TASK ITEM: Your answer should hold the data exactly as given, minus any picture.

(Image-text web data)
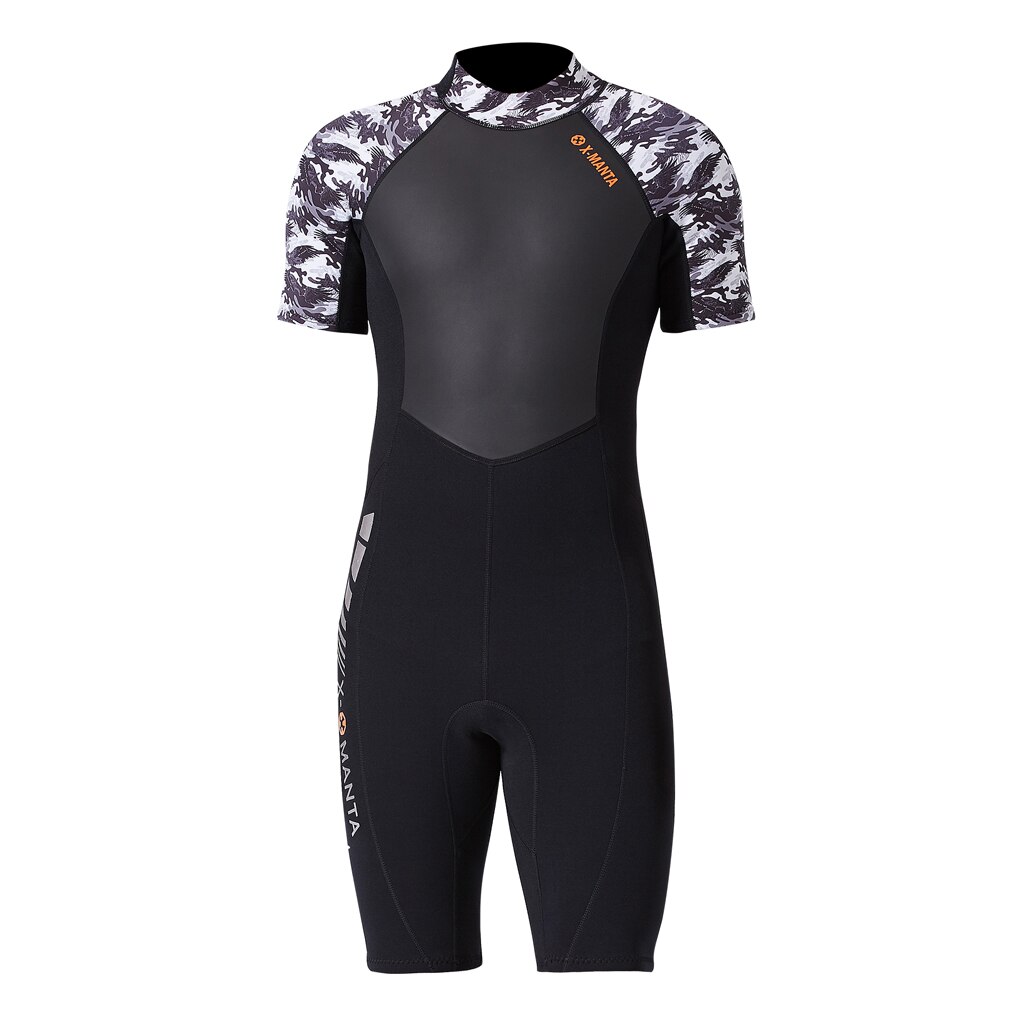 1.5MM Neoprene Men Wetsuit Black Full Body Short Sleeve Diving Surfing Swimwear with Back Zip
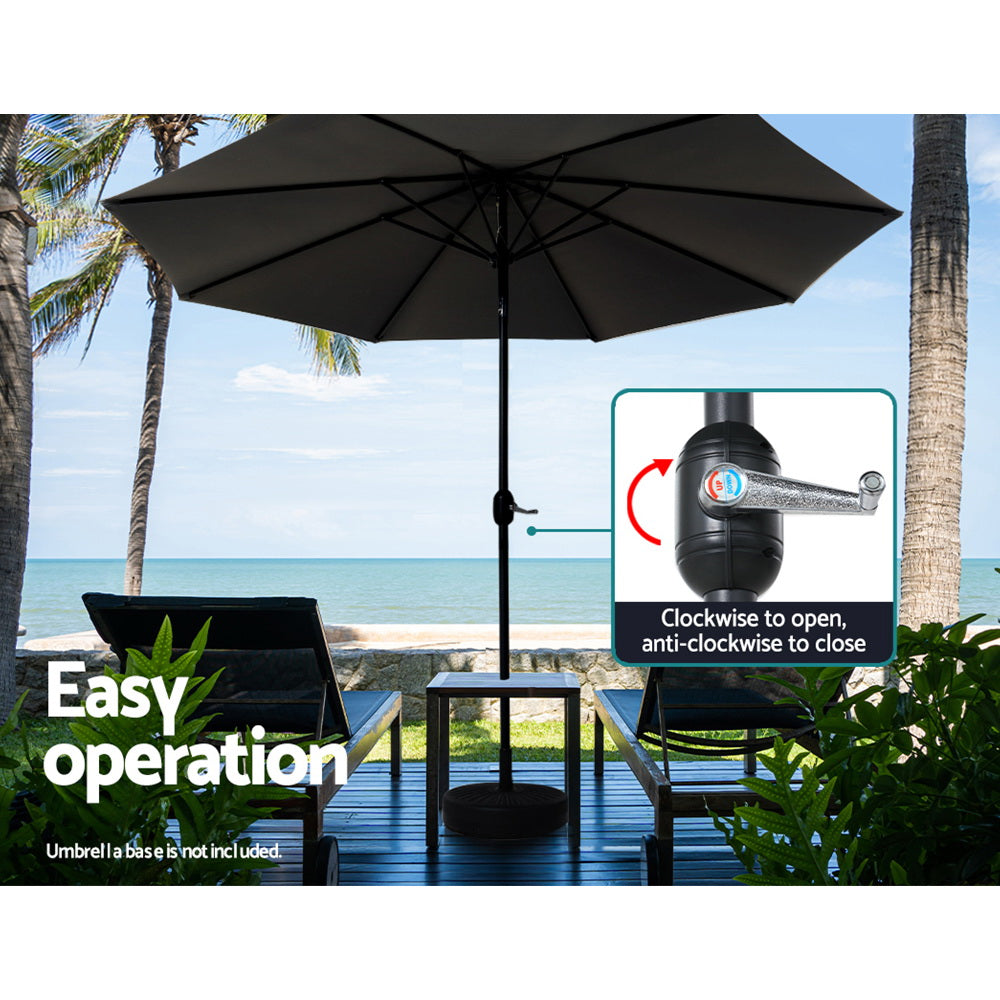 2.7m Centre Post Tilt Umbrella - Black - Homecoze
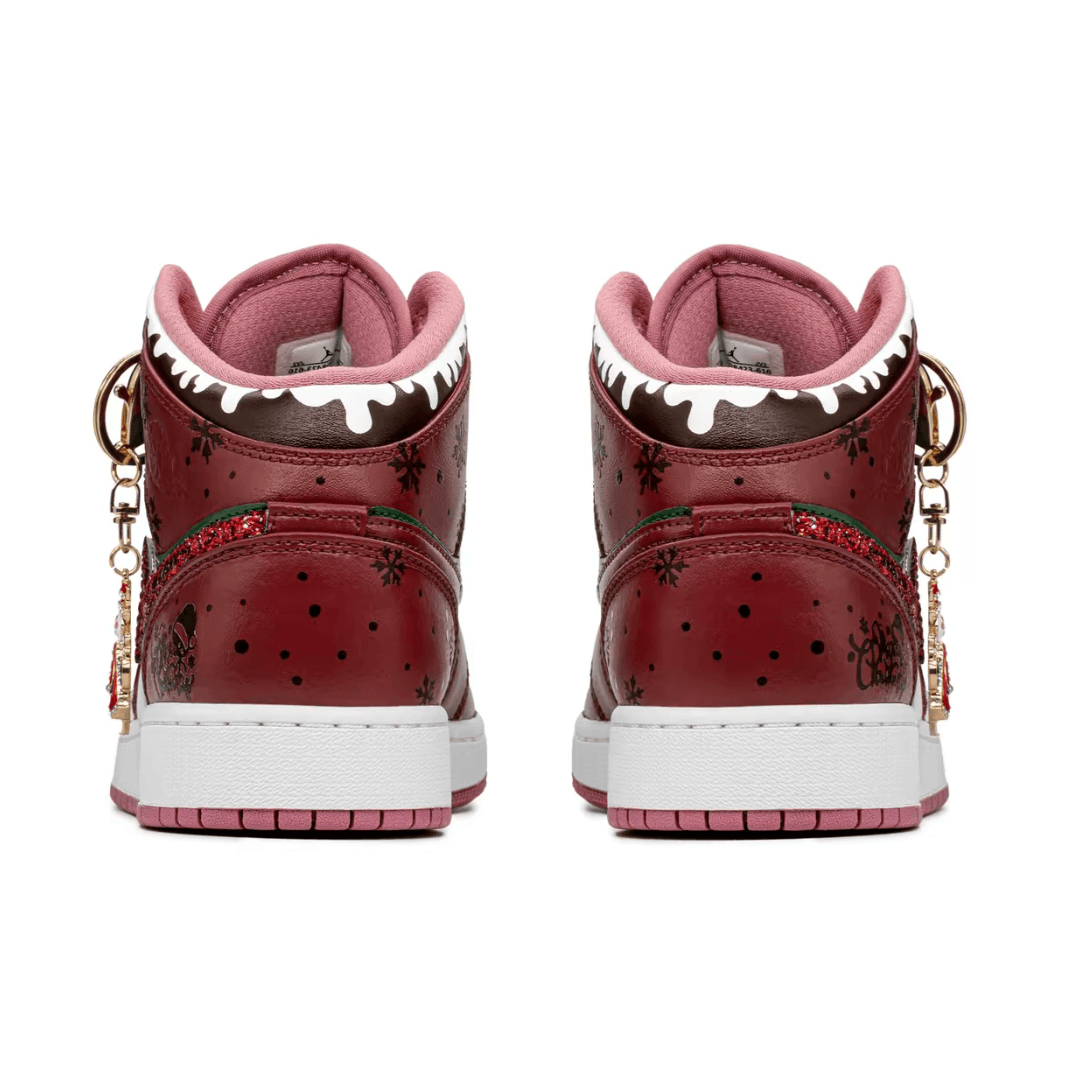 Christmas Gift Xmas Custom Air Jordan 1 Dark Red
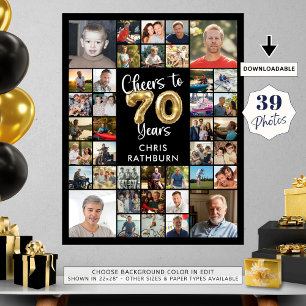 70e verjaardag 39 Photo Collage Hoera voor 70 jaar Poster
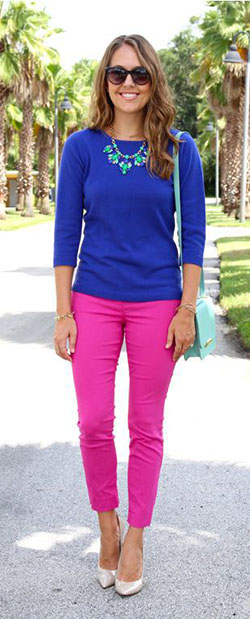 Pink Jeans Outfit Tumblr: Crew neck,  Royal blue,  Cobalt blue,  Capri pants,  Pink Jeans,  Pink Trousers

ANSWER FOR THE TASK:
 1.5MM Neoprene Men Wetsuit Black Full Body Short Sleeve Diving Surfing Swimwear with Back Zip
 2.7m Centre Post Tilt Umbrella - Black - Homecoze
 Christmas Gift Xmas Custom Air Jordan 1 Dark Red
 70e verjaardag 39 Photo Collage Hoera voor 70 jaar Poster
 Pink Jeans Outfit Tumblr: Crew neck,  Royal blue,  Cobalt blue,  Capri pants,  Pink Jeans,  Pink Trousers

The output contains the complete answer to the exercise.